Pero eso fue todo lo que pudo decir. Fabián cayó de rodillas frente a mí, soltó su bastón y rompió a llorar, tapándose el rostro con ambas manos.

̶ ¿Qué fue lo que pasó? – quise saber, colocándome junto a él en el suelo.

Fue hasta después de varias horas y con la ayuda de una taza de té humeante, que Fabián accedió a relatarme lo sucedido.

̶ Um y yo llegamos a la estación de trenes de la costa – dijo, dándole un pequeño sorbo a la taza –, nos subimos a uno de los taxis del pueblo para que nos acercara lo más posible a casa del abuelo. En cuanto alcanzamos el manglar, le pagamos al chofer y continuamos en una de las lanchas a cargo de un pescador. En ese instante supe que algo andaba mal. Comencé a percibir un olor a quemado, estaba cerca. Continuamos en el bote hasta el punto donde caminamos y el olor parecía aumentar. Ya podía escuchar el sonido de las olas, así que estábamos próximos. Dimos unos pasos, el olor era cada vez más intenso. Hasta que sentí el calor irradiando próximo a nosotros... ̶ se le quebró la voz.

̶ La casa se estaba quemando – completó Um.

Ante la impactante declaración solo pude preguntar:

̶ ¿Y el abuelo? ¿Estaba dentro de la casa?

̶ Um escaneó a la distancia cada uno de los cuartos, al parecer estaba fuera cuando empezó a incendiarse – contestó mi hermano.

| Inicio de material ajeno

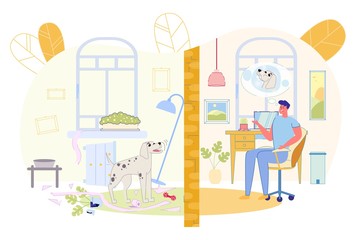 Banner Guy wants Neighbor Dog to Shut Up, Cartoon.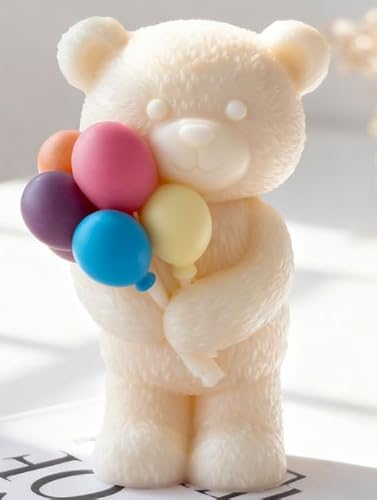 Balloon Bear-Shaped Scented Candle Mold, Silicone Cake 3D Soap Mold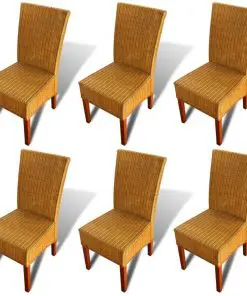 vidaXL Dining Chairs 6 pcs Brown Natural Rattan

̶ ¿Qué habrá sido lo que causó eso?

̶ La pregunta correcta es “quién” lo causó – extendió hacia mí un proyector holográfico de disco, que rápidamente accioné.

Entre destellos de luz verde surgió una silueta femenina, que nos miró fijamente como si se tratara de una transmisión en tiempo real.

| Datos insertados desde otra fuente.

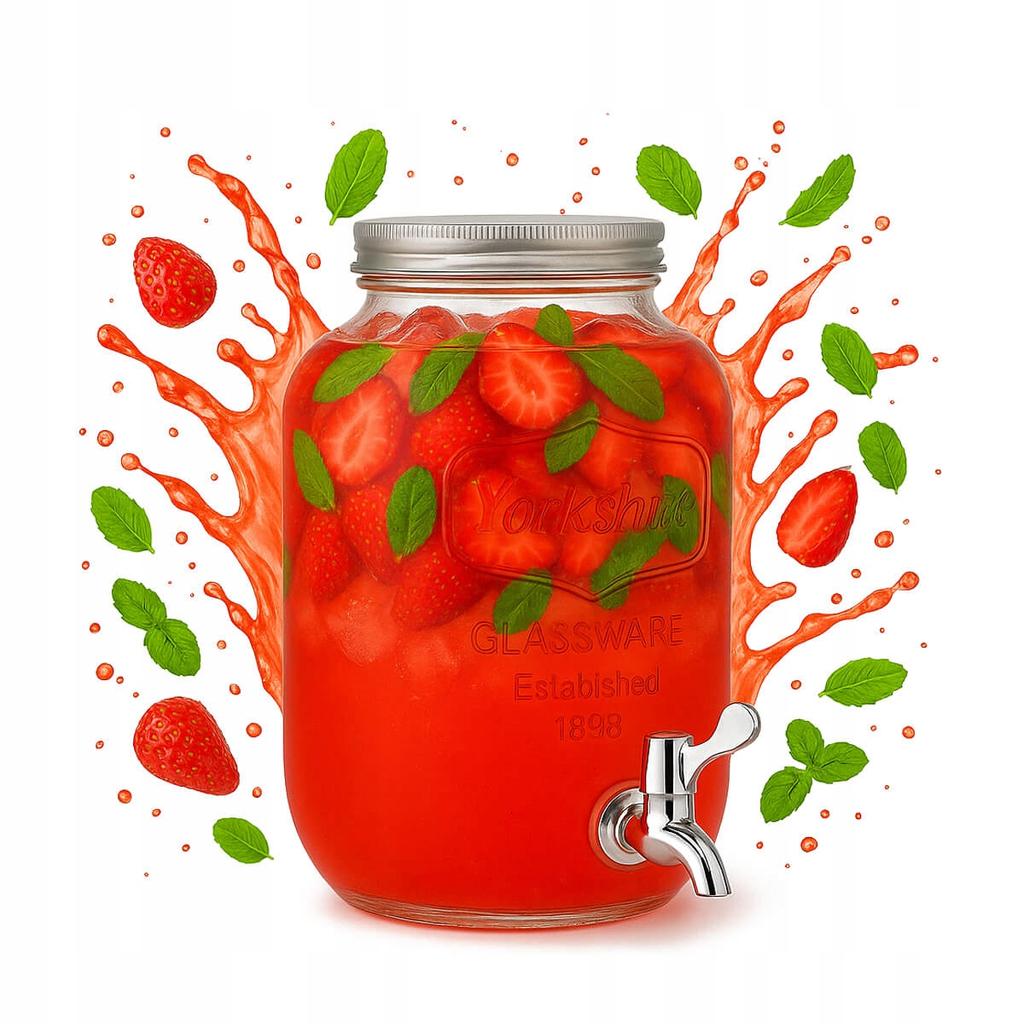 Glass Jar with Tap 4L with Metal Cap for Lemonade, Grill, Drinks, Water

̶ Podrás huir y esconderte de nosotros todo lo que quieras, Germán, te seguiremos a donde sea que estés.

Al finalizar tan amenazadoras palabras, llamamos a la hermana del abuelo en Veracruz. Nos dijo que le habían perdido el rastro dos días atrás. Sus conocidos en el pueblo cercano tampoco sabían nada, nadie lo había visto. Fue tal la incertidumbre que nos derrumbamos tras varios días de búsqueda. Sin noticias de él y sin saber el motivo por el que le buscaban y habían quemado su casa, nos ahogamos en desesperación.

Por eso Fabián entra cada noche a dormir conmigo, para tratar de borrar de su mente aquel episodio, al tiempo que yo lo abrazo fuerte y le digo al oído:

̶ Estará bien, hermano, lo volveremos a ver. Te lo prometo.